TRY IT. In the listing below, find the line containing "Good day, I'm" and the line containing "Ever wondered what". Repeat exactly those two lines and every line between them.

PROVIDED DATA.
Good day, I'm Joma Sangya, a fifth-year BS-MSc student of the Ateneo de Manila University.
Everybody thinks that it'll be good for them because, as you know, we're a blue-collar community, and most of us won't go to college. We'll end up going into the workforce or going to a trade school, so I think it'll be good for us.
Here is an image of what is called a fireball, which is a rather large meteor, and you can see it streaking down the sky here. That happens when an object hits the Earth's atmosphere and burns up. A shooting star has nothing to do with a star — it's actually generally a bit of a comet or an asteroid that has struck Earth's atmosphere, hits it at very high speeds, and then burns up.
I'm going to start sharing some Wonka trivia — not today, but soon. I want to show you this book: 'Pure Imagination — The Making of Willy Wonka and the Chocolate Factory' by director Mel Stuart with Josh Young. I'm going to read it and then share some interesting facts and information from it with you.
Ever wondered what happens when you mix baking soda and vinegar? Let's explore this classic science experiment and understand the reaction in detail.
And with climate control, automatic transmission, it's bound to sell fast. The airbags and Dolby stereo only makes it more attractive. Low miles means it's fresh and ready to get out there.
---
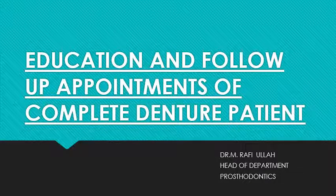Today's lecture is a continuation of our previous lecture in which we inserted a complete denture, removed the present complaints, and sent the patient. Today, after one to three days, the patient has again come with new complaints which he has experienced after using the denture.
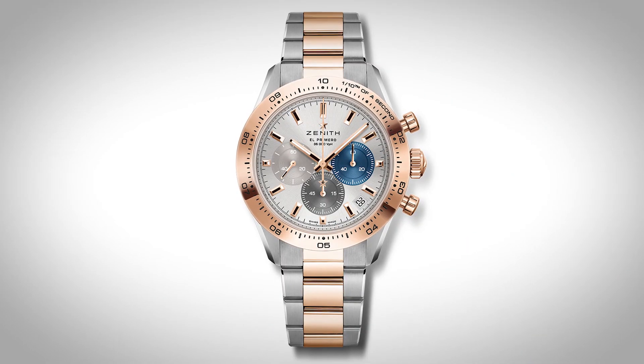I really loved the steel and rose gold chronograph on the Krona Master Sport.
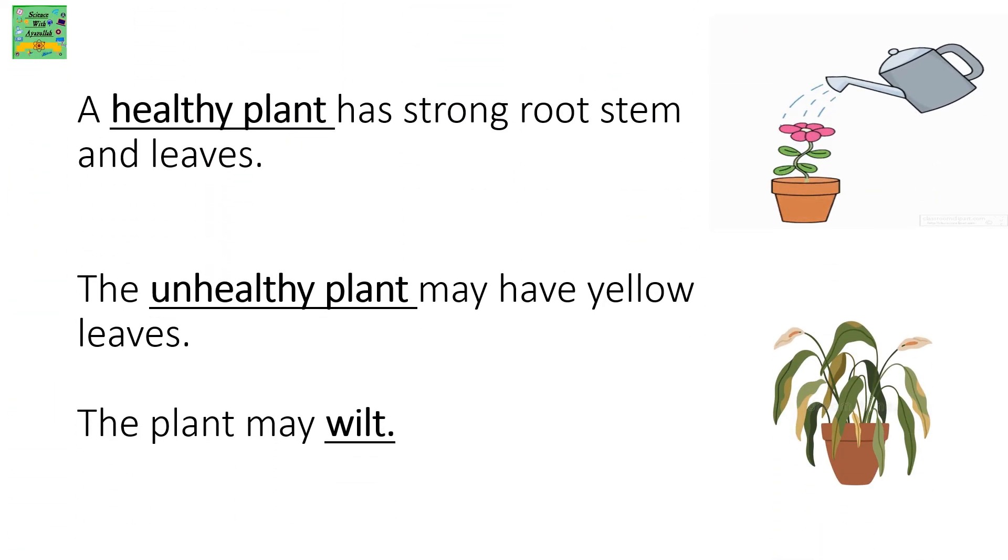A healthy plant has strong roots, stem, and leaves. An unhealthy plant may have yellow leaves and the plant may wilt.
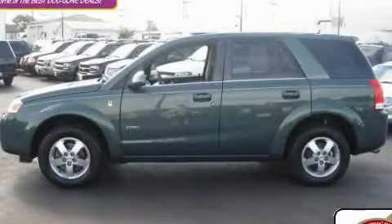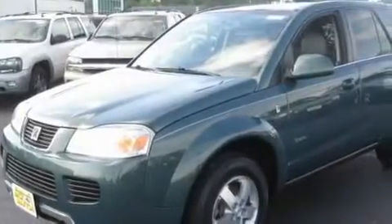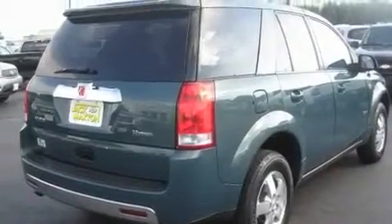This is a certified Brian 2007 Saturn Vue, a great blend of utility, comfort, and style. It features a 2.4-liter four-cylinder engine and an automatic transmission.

ANSWER FOR THIS EXERCISE.
Good day, I'm Joma Sangya, a fifth-year BS-MSc student of the Ateneo de Manila University.
Everybody thinks that it'll be good for them because, as you know, we're a blue-collar community, and most of us won't go to college. We'll end up going into the workforce or going to a trade school, so I think it'll be good for us.
Here is an image of what is called a fireball, which is a rather large meteor, and you can see it streaking down the sky here. That happens when an object hits the Earth's atmosphere and burns up. A shooting star has nothing to do with a star — it's actually generally a bit of a comet or an asteroid that has struck Earth's atmosphere, hits it at very high speeds, and then burns up.
I'm going to start sharing some Wonka trivia — not today, but soon. I want to show you this book: 'Pure Imagination — The Making of Willy Wonka and the Chocolate Factory' by director Mel Stuart with Josh Young. I'm going to read it and then share some interesting facts and information from it with you.
Ever wondered what happens when you mix baking soda and vinegar? Let's explore this classic science experiment and understand the reaction in detail.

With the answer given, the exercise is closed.